Walter Benjamin disait que, de nos jours, la seule œuvre vraiment dotée de sens – de sens critique également – devrait être un collage de citations, de fragments, d’échos d’autres œuvres. À ce collage, j’ai ajouté, au moment voulu, des phrases et des idées relativement miennes et je me suis peu à peu construit un monde autonome, paradoxalement très lié aux échos d’autres œuvres1Enrique Vila-Matas, Le mal de Montano, Paris, Christian Bourgois Éditeur (Coll. Domaine étranger), 2003, p. 151. [Traduit de l’espagnol par André Gabastou.].

 

Les obsédés sont des êtres fascinants, peut-être parce qu’ils savent accorder aux détails l’attention démesurée qu’ils méritent. L’écrivain barcelonais Enrique Vila-Matas questionne par l’écriture depuis plus de trente ans ses obsessions littéraires, imitant en cela les errances des habitants de la Bibliothèque de Babel, cet univers tout fait de livres. Les écrits de Vila-Matas ont ceci de particulier qu’ils se construisent en puisant librement dans le vaste bassin de littérature qui les précède, faisant admirablement écho à cette pensée de Walter Benjamin qui veut que la citation soit la condition sin qua non de la création au tournant de la modernité. Beaucoup plus près de nous, William Marx fait un constat qu’il faut entendre en gardant en tête l’idée de Benjamin lorsqu’il parle, dans L’adieu à la littérature. Histoire d’une dévalorisation. XVIII-XXe2William Marx, L’adieu à la littérature. Histoire d’une dévalorisation. XVIIIe-XXe., Paris, Les Éditions de Minuit, 2005, 232 p., de cette impression qu’auraient les écrivains contemporains «[…] d’être venu trop tard dans un monde où tout avait été écrit, et trop bien. […] [étant habités par] un sentiment très conscient d’après-littérature.» (p. 25)  C’est en restant près de ce regard critique sur la littérature contemporaine que j’aimerais aborder le recueil Explorateurs de l’abîme, puisqu’il me semble clair qu’il s’agit là d’un enjeu fondamental de l’écriture vila-matienne. J’aimerais montrer que ce «sentiment très conscient d’après-littérature», loin d’empêcher l’écriture, devient au contraire le moteur de la fiction qui se construit en dialoguant avec l’Histoire littéraire. Le deuxième texte du recueil, Autre conte hassidique, est important à cet égard. Il s’agit de la reproduction intégrale d’un court texte de Franz Kafka intitulé Le départ. À la fin de celui-ci, un homme questionne le narrateur:

—    Tu connais donc ton but ? dit cet homme.
—    Oui, répliquai-je, puisque je te l’ai dit ; loin d’ici, voilà mon but. (EA, p. 19)

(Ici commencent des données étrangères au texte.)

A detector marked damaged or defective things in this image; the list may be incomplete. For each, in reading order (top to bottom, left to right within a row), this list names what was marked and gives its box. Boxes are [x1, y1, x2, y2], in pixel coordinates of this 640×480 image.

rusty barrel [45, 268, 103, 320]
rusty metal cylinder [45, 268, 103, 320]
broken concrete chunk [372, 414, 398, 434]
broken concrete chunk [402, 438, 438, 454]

Il s’agit ici de suivre Vila-Matas, explorateur qui marche lui-même dans les traces de Kafka, en espérant pourvoir jeter un peu de lumière sur ce loin d’ici et la signification particulière que l’écrivain lui donne, faisant de cet ailleurs un espace d’explorations littéraires.

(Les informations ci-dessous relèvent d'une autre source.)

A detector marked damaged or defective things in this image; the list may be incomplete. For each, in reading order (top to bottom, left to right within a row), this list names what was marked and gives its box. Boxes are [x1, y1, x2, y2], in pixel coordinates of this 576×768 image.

Le recueil, qui contient dix-neuf textes, est revendiqué par le narrateur de la première nouvelle qui est intitulée «Café Kubista». Celui-ci donne le ton dès les premières pages en partageant avec le lecteur sa conception de la littérature. Ces commentaires sont importants dans la mesure où ils font écho à l’ensemble des textes du recueil, lui assurant une certaine cohérence thématique:

Je pense qu’un livre naît d’une insatisfaction, d’un vide, dont les périmètres se révèlent au cours et à la fin du travail. L’écrire, c’est sûrement remplir ce vide. Dans le livre que j’ai terminé hier, tous les personnages finissent par être des explorateurs de l’abîme ou plutôt de son contenu. Ils enquêtent sur le néant et n’arrêtent que lorsqu’ils tombent sur l’un de ses éventuels contenus, car il leur déplairait sans doute d’être confondus avec des nihilistes. (EA, p. 9)

Voilà qui est intriguant et qui mérite réflexion. Quel est ce vide, cette insatisfaction qui a rendu nécessaire l’écriture du livre que nous avons entre les mains ? Il y a certainement une tension, chez Vila-Matas, entre le monde réel et celui des livres, ces derniers occupant toujours une place plus importante que le premier dans la construction du discours. C’est-à-dire que cet écrivain répugne à parler du monde réel, celui de ses contemporains qui, réciproquement, vivent comme si la littérature n’existait pas. On voit ainsi se profiler chez lui une position esthétique lourde de sens: l’utilisation massive de la citation, le discours qui se nourrit presque exclusivement de littérature est un procédé discursif tout teinté d’une idéologie de la résistance. Si le monde ne veut plus de la littérature, nous dit Vila-Matas, et bien ma littérature ne veut pas davantage du monde.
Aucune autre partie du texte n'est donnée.